Transport economics is a branch of economics founded in 1959 by American economist John R. Meyer that deals with the allocation of resources within the transport sector. It has strong links to civil engineering. Transport economics differs from some other branches of economics in that the assumption of a spaceless, instantaneous economy does not hold. People and goods flow over networks at certain speeds. Demands peak. Advance ticket purchase is often induced by lower fares. The networks themselves may or may not be competitive. A single trip (the final good, in the consumer's eyes) may require the bundling of services provided by several firms, agencies and modes.

Although transport systems follow the same supply and demand theory as other industries, the complications of network effects and choices between dissimilar goods (e.g. car and bus travel) make estimating the demand for transportation facilities difficult. The development of models to estimate the likely choices between the such goods involved in transport decisions (discrete choice models) led to the development of an important branch of econometrics, as well as a Nobel Prize for Daniel McFadden.

In transport, demand can be measured in number of journeys made or in total distance traveled across all journeys (e.g. passenger-kilometers for public transport or vehicle-kilometers of travel (VKT) for private transport). Supply is considered to be a measure of capacity. The price of the good (travel) is measured using the generalised cost of travel, which includes both money and time expenditure.

The effect of increases in supply (i.e. capacity) are of particular interest in transport economics (see induced demand), as the potential environmental consequences are significant.

Regulation of the supply of transport capacity relates to both safety regulation and economic regulation. Transport economics considers issues of the economic regulation of the supply of transport, particularly in relation to whether transport services and networks are provided by the public sector (i.e. socially), by the private sector (i.e. competitively) or using a mixture of both.

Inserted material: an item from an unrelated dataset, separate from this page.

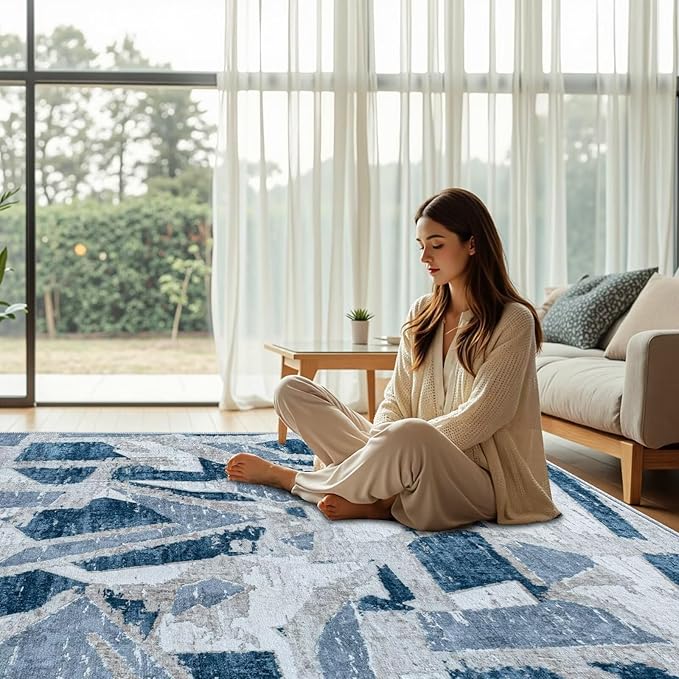 Modern Abstract Blue 5X7 Area Rug for Living Room Bedroom Washable, with Non-Slip Rubber Backing Print Faux Wool Thin, Throw Large Carpet for Kids Playroom Dining Room Pet & Child Friendly-Ruum Studio Home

Transport networks and services can take on any combination of regulated/deregulated and public/private provision. For example, bus services in the UK outside London are provided by both the public and private sectors in a deregulated economic environment (where no-one specifies which services are to be provided, so the provision of services is influenced by the market), whereas bus services within London are provided by the private sector in a regulated economic environment (where the public sector specifies the services to be provided and the private sector competes for the right to supply those services - i.e. franchising).

The regulation of public transport is often designed to achieve some social, geographic and temporal equity as market forces might otherwise lead to services being limited to the most popular travel times along the most densely settled corridors of development. National, regional or municipal taxes are often deployed to provide a network that is socially acceptable (e.g. extending timetables through the daytime, weekend, holiday or evening periods and intensifying the mesh of routes beyond that which a lightly regulated market would probably provide).

Franchising may be used to create a supply of transport that balances the free-market supply outcome and the most socially desirable supply outcome.